Nel pieno di un’alluvione senza precedenti, una giovane donna dà alla luce un bambino. Londra, sommersa dalle acque, diventa inabitabile. Davanti alla catastrofe ambientale i genitori sono costretti a fuggire per cercare riparo, spostandosi di rifugio in rifugio, affrontando precarietà, solitudine, abbandono. In uno scenario distopico in cui viene a mancare ogni punto di riferimento, è la responsabilità data dall’essere madre, compito disperato in quelle circostanze, a ricalibrare ogni priorità e ad alimentare la tenacia di una donna che non vuole arrendersi, che continua a lottare nonostante tutto.

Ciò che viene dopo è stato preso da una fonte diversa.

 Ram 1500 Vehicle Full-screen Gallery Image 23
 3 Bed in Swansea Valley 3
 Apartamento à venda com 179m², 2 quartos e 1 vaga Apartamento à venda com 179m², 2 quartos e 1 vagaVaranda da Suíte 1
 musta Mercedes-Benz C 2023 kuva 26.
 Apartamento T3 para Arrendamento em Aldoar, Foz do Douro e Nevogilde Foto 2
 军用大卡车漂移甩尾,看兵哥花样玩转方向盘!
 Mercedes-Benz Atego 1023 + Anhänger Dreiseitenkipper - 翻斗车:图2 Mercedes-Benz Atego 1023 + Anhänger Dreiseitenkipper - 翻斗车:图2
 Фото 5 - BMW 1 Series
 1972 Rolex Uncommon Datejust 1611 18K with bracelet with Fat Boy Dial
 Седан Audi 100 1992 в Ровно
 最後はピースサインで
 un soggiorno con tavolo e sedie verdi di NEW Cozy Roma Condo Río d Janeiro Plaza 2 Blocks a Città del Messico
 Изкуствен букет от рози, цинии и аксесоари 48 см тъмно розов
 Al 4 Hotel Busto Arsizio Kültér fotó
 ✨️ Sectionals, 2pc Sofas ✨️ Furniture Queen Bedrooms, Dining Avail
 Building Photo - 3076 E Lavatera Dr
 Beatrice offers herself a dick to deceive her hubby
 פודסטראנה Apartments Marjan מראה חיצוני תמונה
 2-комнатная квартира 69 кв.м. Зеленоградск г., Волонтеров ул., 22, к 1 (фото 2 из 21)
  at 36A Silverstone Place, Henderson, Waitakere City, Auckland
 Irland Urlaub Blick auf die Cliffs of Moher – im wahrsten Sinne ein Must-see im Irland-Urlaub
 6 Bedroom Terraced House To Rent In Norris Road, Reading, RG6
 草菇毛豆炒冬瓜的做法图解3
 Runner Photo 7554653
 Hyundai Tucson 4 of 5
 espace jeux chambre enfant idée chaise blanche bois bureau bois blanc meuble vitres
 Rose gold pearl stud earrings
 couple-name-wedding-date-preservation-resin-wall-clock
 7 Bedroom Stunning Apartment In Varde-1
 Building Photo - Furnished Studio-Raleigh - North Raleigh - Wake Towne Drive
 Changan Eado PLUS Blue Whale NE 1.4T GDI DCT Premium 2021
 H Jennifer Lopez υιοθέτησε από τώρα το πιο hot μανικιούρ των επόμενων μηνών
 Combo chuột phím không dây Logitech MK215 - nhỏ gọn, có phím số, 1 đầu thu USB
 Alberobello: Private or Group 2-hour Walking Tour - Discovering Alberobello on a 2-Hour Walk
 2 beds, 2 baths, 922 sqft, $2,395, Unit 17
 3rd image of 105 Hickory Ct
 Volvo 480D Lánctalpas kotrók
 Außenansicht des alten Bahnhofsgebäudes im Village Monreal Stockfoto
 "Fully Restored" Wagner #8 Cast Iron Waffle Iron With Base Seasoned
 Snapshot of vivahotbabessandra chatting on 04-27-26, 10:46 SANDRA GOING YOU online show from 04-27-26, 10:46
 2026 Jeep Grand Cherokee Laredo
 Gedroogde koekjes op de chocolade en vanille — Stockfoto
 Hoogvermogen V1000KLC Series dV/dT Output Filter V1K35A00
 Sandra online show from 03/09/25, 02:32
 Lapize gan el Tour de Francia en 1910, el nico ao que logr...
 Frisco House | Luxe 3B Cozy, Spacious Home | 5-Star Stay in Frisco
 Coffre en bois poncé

Un romanzo poetico e commovente che tratteggia un futuro minaccioso, che racconta la maternità, il miracolo di una vita che cresce, l’amore incondizionato, totale, unica certezza quando tutto sembra crollare. Un inno alla vita e alla speranza.
La fine da cui partiamo ricorda La strada di Cormac McCarthy, per il distacco narrativo e la precisione poetica. Uno splendido esordio.
Colpisce e affascina… è come se Virginia Woolf scrivesse romanzi distopici… Il cuore pulsante di questa storia tenera e terribile è il ritratto di un’esperienza di maternità totalizzante.
Un libro che mi ha commossa, spaventata, sollevata, a volte tutte e tre le cose insieme.